No pictures go into the copy. Write out exactly the lines below from the one containing "ESEBLE Star Series" through the one containing "All Saints Sunday".
-----
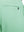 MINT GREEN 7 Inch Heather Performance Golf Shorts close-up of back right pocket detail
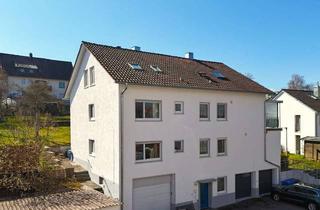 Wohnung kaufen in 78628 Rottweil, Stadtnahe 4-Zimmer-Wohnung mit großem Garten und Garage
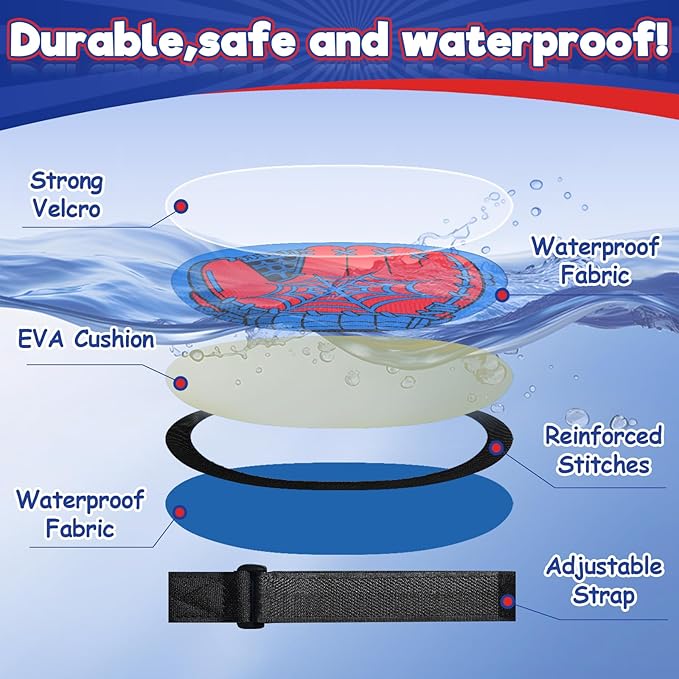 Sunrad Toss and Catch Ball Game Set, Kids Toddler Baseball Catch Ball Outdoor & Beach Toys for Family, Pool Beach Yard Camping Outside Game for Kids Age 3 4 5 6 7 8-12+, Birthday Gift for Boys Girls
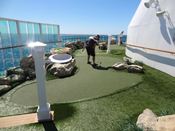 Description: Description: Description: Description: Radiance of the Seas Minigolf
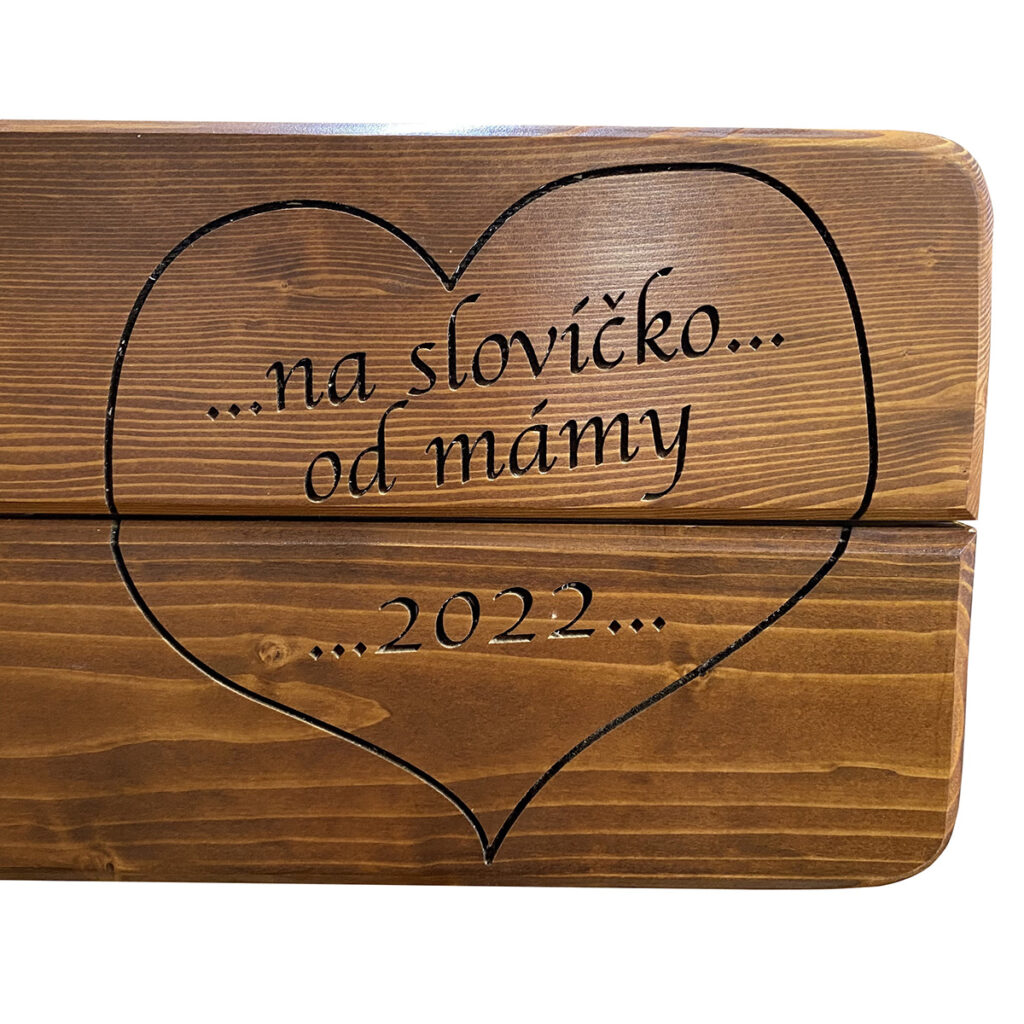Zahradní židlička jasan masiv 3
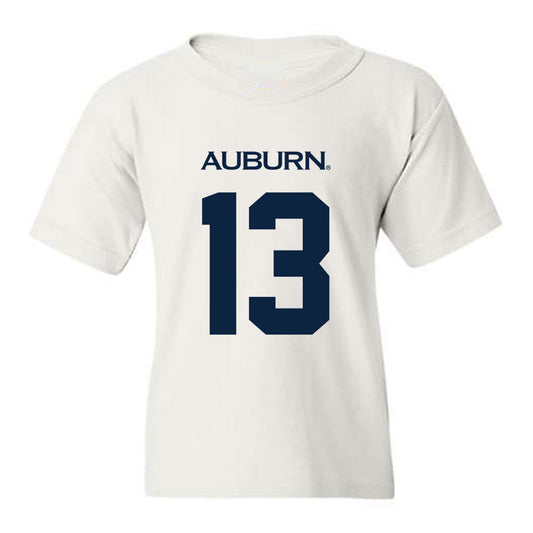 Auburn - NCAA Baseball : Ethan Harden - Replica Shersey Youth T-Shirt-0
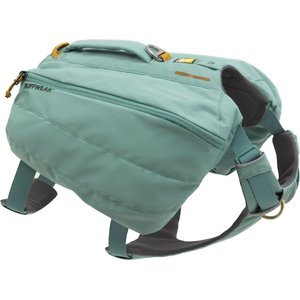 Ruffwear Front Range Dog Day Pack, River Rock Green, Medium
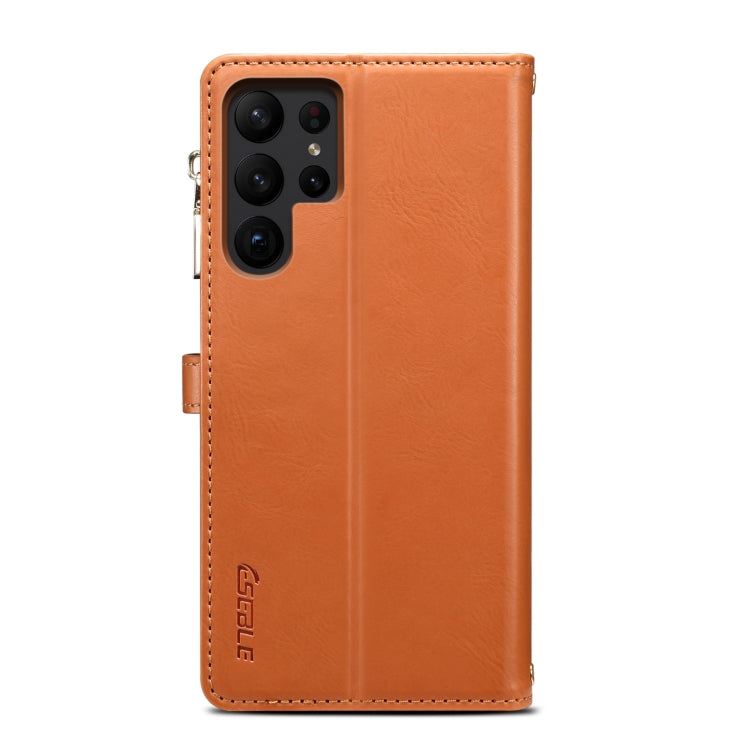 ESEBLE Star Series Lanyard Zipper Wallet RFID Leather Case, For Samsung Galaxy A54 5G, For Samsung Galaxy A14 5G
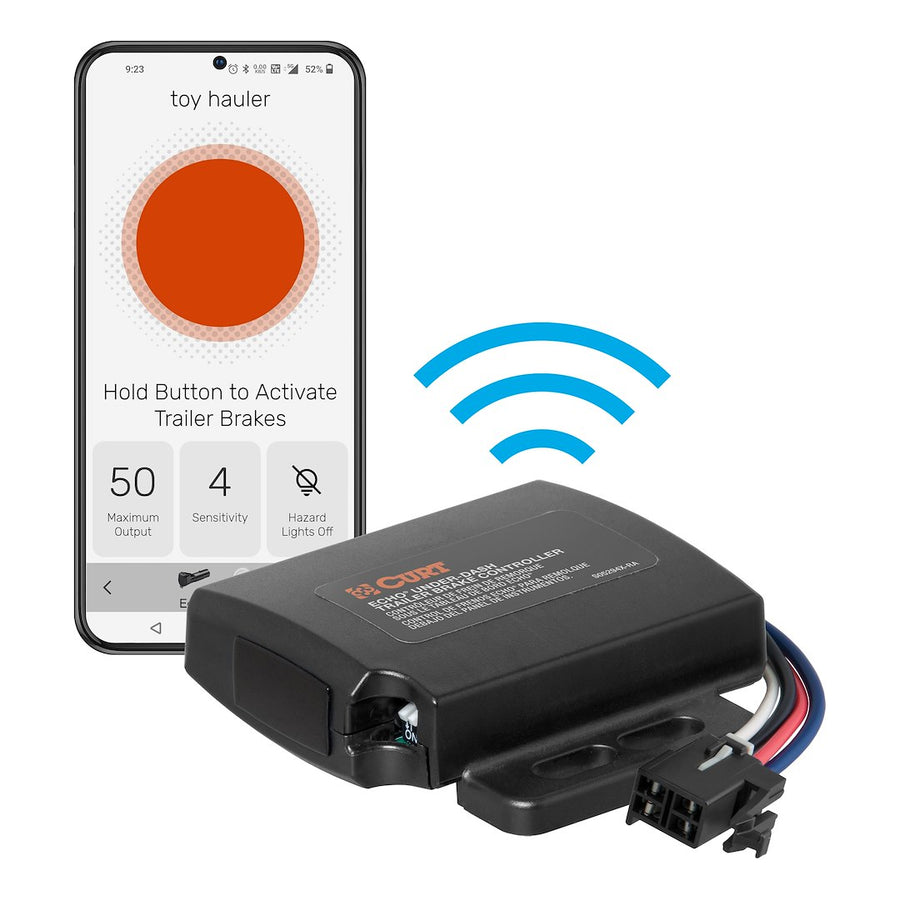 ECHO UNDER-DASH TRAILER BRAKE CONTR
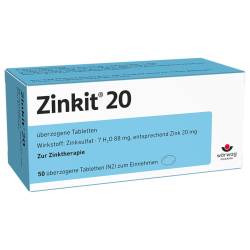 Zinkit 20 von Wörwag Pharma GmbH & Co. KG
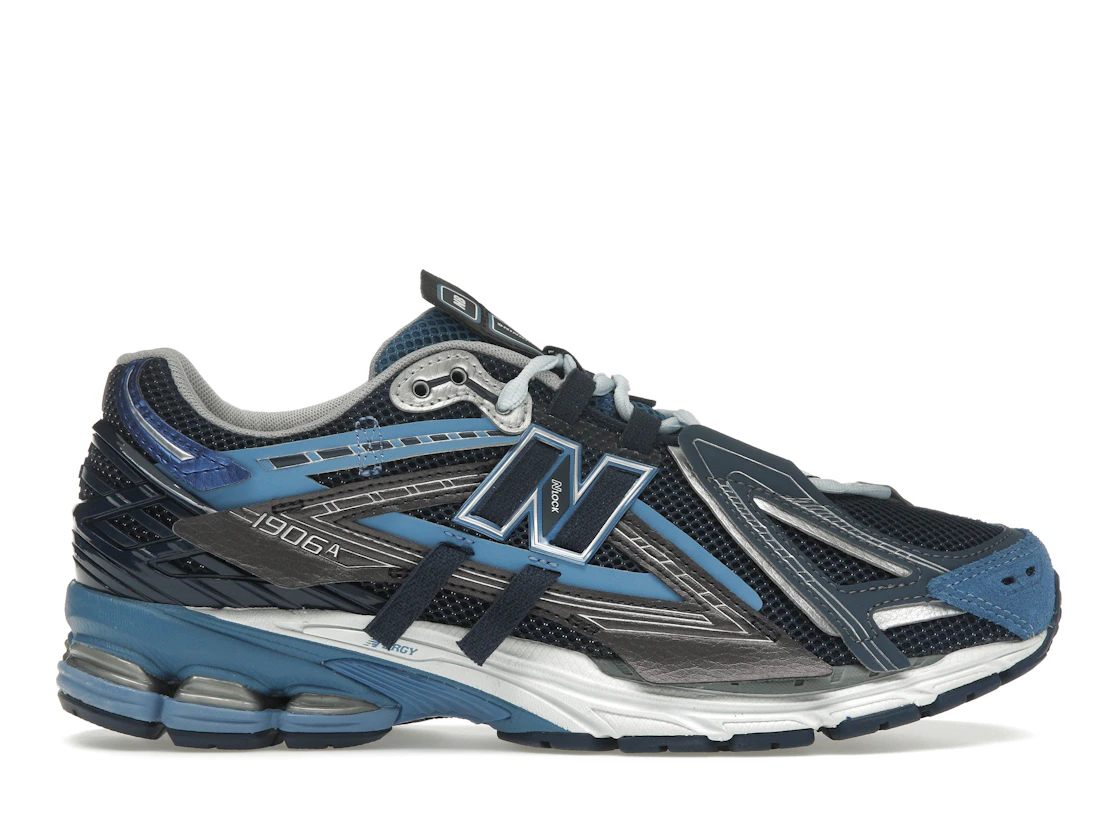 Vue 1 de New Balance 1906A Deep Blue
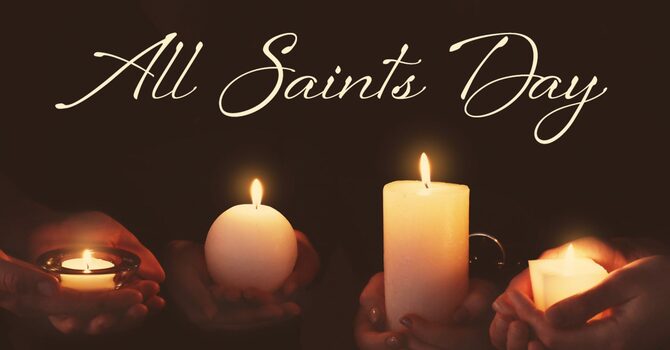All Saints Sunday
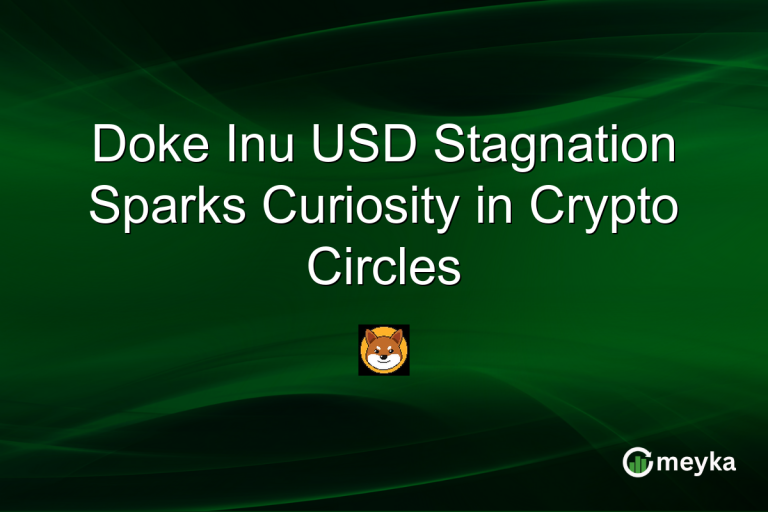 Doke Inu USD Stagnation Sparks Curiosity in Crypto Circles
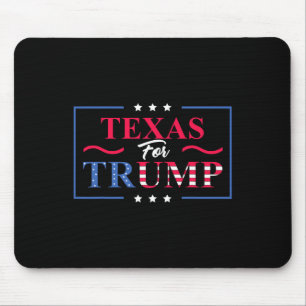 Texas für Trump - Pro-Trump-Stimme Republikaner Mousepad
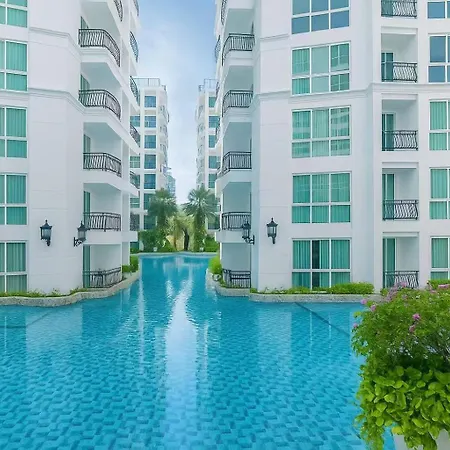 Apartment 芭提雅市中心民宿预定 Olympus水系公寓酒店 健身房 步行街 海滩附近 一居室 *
-----
## [Output for this task]
 ESEBLE Star Series Lanyard Zipper Wallet RFID Leather Case, For Samsung Galaxy A54 5G, For Samsung Galaxy A14 5G
 ECHO UNDER-DASH TRAILER BRAKE CONTR
 Zinkit 20 von Wörwag Pharma GmbH & Co. KG
 Vue 1 de New Balance 1906A Deep Blue
All Saints Sunday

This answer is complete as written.